Un ejemplo claro es la iniciativa política del Congreso de la República, que en más de una oportunidad puso en marcha el mecanismo de vacancia presidencial hasta conseguir su objetivo. Más allá de que las denuncias contra el presidente ameritasen una seria investigación fiscal, no hubo en este proceso sancionatorio un sentido de justicia entendido como castigo por los supuestos delitos cometidos (entre otros, el cobro de coimas). No es la búsqueda de equidad de derechos como acción ejemplificadora lo que se infiere de la conducta sancionadora de los congresistas. Es más, muchos de ellos cuentan con antecedentes judiciales y penales o al menos han sido sometidos a investigaciones por graves delitos contra el Estado. La figura del castigo, en este contexto, no contiene una imagen pedagógica y termina siendo mero instrumento político. No plantea un espacio real de debate sobre igualdad de derechos. En otras palabras, castigar y sancionar al presidente no refleja un esfuerzo real por transformar las condiciones de institucionalidad precaria ni las desigualdades en derechos que la pandemia ha colocado en primer plano.
Desmantelar la normalidad
Esta pandemia, la primera en la llamada era de la información, nos recuerda nuestro estrecho vínculo con las demás especies y organismos vivos. Y aunque parezca obvio, nos recuerda el sentido de una comunidad humana, donde el riesgo de uno supone el del conjunto.

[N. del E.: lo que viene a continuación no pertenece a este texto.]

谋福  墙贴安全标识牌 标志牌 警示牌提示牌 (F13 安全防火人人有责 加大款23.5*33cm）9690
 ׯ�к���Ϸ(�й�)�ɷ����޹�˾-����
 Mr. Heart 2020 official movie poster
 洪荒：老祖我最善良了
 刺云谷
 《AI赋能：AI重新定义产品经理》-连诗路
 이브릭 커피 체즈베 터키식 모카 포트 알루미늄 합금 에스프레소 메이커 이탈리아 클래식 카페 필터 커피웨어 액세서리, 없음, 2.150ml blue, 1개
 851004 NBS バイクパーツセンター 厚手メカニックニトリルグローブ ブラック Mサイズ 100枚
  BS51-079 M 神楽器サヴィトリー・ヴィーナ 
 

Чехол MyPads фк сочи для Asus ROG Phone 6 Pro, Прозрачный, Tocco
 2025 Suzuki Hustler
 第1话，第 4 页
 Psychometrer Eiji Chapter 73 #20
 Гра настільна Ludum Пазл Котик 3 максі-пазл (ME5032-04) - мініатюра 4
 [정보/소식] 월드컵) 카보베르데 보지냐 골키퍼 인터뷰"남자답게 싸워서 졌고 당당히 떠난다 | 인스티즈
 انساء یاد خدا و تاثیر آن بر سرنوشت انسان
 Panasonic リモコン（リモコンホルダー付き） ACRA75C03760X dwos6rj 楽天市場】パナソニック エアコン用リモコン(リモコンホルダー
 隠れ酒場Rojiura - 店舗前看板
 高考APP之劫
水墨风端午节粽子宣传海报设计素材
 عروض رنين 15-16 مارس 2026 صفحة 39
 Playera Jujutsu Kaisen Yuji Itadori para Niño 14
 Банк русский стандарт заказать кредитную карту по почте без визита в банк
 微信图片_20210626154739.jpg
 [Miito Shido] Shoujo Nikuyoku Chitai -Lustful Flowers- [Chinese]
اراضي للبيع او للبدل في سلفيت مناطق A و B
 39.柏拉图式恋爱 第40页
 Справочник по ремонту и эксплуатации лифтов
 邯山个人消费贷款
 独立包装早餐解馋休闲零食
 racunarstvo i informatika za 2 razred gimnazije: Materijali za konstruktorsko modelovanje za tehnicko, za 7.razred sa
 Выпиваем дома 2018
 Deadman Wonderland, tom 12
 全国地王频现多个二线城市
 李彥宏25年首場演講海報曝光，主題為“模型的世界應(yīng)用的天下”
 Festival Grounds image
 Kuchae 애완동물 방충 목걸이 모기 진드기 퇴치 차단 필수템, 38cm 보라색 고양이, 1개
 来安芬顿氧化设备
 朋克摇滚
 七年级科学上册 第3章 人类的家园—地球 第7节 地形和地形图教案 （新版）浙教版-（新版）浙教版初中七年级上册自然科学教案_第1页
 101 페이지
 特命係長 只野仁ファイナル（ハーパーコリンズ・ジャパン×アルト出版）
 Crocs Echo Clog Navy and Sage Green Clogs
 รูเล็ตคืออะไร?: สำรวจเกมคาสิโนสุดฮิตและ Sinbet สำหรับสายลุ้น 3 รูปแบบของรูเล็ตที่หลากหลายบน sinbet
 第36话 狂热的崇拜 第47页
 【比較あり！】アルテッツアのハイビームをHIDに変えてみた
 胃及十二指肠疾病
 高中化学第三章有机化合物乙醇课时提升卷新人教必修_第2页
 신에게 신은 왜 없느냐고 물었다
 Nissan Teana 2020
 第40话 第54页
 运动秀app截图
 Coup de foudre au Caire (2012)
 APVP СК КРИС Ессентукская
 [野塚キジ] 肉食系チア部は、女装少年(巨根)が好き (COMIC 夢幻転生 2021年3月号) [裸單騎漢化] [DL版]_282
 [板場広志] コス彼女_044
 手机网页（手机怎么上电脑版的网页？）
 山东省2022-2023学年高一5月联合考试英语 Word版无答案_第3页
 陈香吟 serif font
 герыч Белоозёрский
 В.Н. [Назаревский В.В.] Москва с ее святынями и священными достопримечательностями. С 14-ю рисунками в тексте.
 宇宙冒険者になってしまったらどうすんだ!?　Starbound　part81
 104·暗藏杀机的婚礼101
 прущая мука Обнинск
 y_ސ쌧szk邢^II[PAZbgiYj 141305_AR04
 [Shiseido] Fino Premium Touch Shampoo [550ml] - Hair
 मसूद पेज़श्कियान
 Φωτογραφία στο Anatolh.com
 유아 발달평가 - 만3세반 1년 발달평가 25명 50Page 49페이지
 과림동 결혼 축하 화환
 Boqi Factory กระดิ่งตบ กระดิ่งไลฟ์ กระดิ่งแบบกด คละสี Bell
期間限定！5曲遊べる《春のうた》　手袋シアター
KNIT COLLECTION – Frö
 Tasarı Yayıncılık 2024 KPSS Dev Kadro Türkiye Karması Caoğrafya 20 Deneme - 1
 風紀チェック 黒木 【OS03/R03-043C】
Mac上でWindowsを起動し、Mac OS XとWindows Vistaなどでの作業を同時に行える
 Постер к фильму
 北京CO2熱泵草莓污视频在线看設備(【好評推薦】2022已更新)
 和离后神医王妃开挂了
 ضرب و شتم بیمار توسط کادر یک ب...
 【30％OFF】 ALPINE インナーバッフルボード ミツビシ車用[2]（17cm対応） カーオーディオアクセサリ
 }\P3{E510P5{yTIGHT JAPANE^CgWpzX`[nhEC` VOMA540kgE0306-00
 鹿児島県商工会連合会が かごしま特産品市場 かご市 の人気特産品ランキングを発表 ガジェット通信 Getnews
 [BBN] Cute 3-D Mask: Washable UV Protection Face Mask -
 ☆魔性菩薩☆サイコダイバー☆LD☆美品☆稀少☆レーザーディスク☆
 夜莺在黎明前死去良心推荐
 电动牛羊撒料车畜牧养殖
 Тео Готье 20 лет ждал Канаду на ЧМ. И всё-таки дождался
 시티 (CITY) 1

Vuelve un asunto de supervivencia el valorar un sentido mínimo de pertenencia a un todo interconectado, a una humanidad conectada, donde cultura y naturaleza convergen y donde la ciencia es el punto clave de esa convergencia.
Es por ese sentido de supervivencia que se vuelve también impostergable demandar mayores esfuerzos y eficacia a las instituciones del Estado en beneficio de los sectores menos favorecidos de la sociedad. Sin menospreciar los esfuerzos particulares de empresas privadas, colectivos, gremios y personas que aportan o movilizan recursos hacia quienes más lo necesitan, es necesario insistir en que el esfuerzo privado no debe ocultar las obligaciones públicas. El ingenio y el esfuerzo particular, en modo alguno deben esconder la precariedad de las condiciones de vida, y, menos aún, la debilidad y limitación de nuestras instituciones. En esa medida, nuestros esfuerzos deben encaminarse a hacer visible la inequidad y desigualdad de derechos, y no solo exaltar el castigo o la condena. Por ello se vuelve ineludible cuestionar las estructuras sociales y económicas que se han cimentado durante las últimas décadas. Un siguiente paso en esa dirección es comprometerse con una seria reconstitución del orden legal que inspiró la emergencia de la informalidad laboral, la precariedad educativa, la carencia de acceso a la salud pública de calidad, y, sobre todo, que legitimaron la brecha de desigualdad económica.
El COVID-19 y la pandemia, han expuesto terriblemente la precariedad de las condiciones de vida de muchos ciudadanos y ciudadanas, lo que en un primer momento llevó a no acatar el confinamiento obligatorio debido a las grandes necesidades existentes. Nuestra “normalidad” contenía el germen de una desigualdad de derechos opacada por la sensación de una justicia en movimiento que venía ocurriendo en los fueros judiciales, con la primacía del castigo y sanción. Y si ese despliegue puede ser saludable en tanto tiende a equilibrar el ejercicio del poder y a cimentar un sentido de la gravedad de los delitos en el fuero público, como ejercicio de justicia es insuficiente para fortalecer derechos básicos en la dimensión social. Se requiere de soluciones estructurales antes que ejemplificaciones moralizantes.